Two large machine sheds at this location sustained minor roof and side damage. A farm house 100 feet away sustained very little damage. The width of the damage area was less than 50 yards while damage intensity was rated F0. The vortex briefly lifted and touched down a second time 2 miles southeast of Brownstown, about 1/4 mile south of Interstate 70. Several trees were either uprooted or snapped at the base at this location. The orientation of the fallen trees suggested a convergent damage pattern. The tornado crossed Interstate 70 overturning one semi-truck on the west bound lanes of the highway. The driver of the truck sustained minor injuries. The tornado briefly lifted just north of the interstate then dropped a third time causing tree damage near U.S. 40 and extensive damage to a section of large greenhouses, 2 miles southwest of St.

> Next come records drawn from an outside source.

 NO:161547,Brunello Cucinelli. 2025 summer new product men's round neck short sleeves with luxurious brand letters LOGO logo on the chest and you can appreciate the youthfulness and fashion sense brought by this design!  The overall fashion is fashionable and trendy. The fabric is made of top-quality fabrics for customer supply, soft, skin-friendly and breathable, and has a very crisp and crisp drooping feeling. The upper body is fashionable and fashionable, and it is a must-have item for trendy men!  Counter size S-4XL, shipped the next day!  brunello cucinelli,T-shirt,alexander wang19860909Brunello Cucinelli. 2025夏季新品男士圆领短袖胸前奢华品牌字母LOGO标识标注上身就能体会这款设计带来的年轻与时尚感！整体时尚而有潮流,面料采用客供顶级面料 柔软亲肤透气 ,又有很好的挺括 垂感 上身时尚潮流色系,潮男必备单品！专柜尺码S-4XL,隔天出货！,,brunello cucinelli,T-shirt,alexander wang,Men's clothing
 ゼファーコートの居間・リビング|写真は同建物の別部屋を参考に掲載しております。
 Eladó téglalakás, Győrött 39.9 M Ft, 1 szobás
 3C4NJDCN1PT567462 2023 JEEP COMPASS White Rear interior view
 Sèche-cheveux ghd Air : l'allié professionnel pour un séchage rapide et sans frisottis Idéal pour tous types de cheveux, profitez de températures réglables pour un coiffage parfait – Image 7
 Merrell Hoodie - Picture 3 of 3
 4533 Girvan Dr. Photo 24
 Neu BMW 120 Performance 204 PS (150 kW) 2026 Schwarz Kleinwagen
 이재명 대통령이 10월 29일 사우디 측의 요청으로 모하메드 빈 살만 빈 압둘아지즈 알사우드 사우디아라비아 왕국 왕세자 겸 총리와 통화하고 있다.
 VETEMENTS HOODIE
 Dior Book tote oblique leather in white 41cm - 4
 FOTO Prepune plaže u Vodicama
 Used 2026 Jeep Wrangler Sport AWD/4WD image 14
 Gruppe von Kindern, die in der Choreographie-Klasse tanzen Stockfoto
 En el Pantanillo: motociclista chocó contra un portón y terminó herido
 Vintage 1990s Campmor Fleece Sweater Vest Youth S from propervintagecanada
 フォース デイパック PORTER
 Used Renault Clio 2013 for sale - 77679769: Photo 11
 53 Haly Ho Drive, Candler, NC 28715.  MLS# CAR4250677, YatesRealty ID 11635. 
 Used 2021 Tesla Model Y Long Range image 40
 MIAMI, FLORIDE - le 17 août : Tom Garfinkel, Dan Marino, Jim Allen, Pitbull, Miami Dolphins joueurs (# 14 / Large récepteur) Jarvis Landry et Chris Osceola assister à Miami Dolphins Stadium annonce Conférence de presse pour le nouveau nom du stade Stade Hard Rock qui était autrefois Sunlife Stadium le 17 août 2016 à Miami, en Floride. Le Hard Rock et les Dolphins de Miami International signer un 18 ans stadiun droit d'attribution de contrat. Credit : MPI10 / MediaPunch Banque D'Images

Elmo, Illinois.
The width of the damage track was approximately 100 yards while the damage over the area was rated the lower-end of F1 intensity.
The tornado lifted again an dropped a fourth time destroying a large warehouse on the western edge of St. Elmo. Several large steel I-beams supporting the warehouse were severely twisted or snapped at the base of the foundation while sections of the warehouse were scattered several hundred yards downwind (northeast) from the initial site.
The tornado destroyed a 300 foot radio tower then continued to travel northeast completely destroying one house trailer and damaging three homes. One home was partially lifted off its foundation while a section of roof from a second home was removed. A large house trailer located 40-50 yards east of the three homes was completely destroyed. Only the base frame of this trailer remained intact. Several large trees (5 feet in diameter at the base) near the homes were either uprooted or snapped at the base of the trunk.
The overall downed trees showed a convergent pattern with the center axis aligned southwest-northeast 20 to 50 yards north of the three homes. The damage path over this area ranged from 75 to 150 yards while the damage suggested F1 to the lower end of F2 intensity.
The tornado lifted again and briefly touched down a fifth time 3 miles north-northeast of St. Elmo. At this farmstead only minor damage was observed to one machine shed and a few downed trees. The overall length of the damage path was 50 yards, 30 yards wide and the damage suggested F0 intensity. The funnel briefly dropped a sixth time near Illinois State Route 128 (4 miles north of U.S. 40) on the Fayette - Effingham county line. Only minor tree damage was noted at this location.
It is interesting to point out from our damage surveys that continuous tornadic damage tracks were observed across northern Montgomery County Illinois while the damage path across eastern Fayette County Illinois was intermittent. It is difficult to say why we observed continous tracks across Montgomery county Illinois and intermittent damage near St. Elmo. However, one possible reason is the absence of a clearly defined external outflow boundary coming in contact with the St. Elmo, Illinois tornadic storm as compared to the outflow boundary - isolated storm interaction seen over northern Montgomery county.
Plan view of WSR-88D reflectivity imagery taken at 0101 UTC (8:01 PM CDT) showed the presence of a hybrid supercell having multicellular characteristics over eastern Fayette County Illinois. Multiple high-reflectivity cores (55 - 60 dBZ), and weak echo notches (inflow notches) along the southern flank of the storm can been seen in the 0101 UTC reflectivity plan view (0.5° elevation slice). The storm-relative velocity data showed a mesocyclone near and south of the center 55-60 dBZ reflectivity core - pendant echo/inflow notch, having rotational velocities of 35 kts (17 m s-1). The multicellular structure was maintained for the next two volume scans (10 minutes).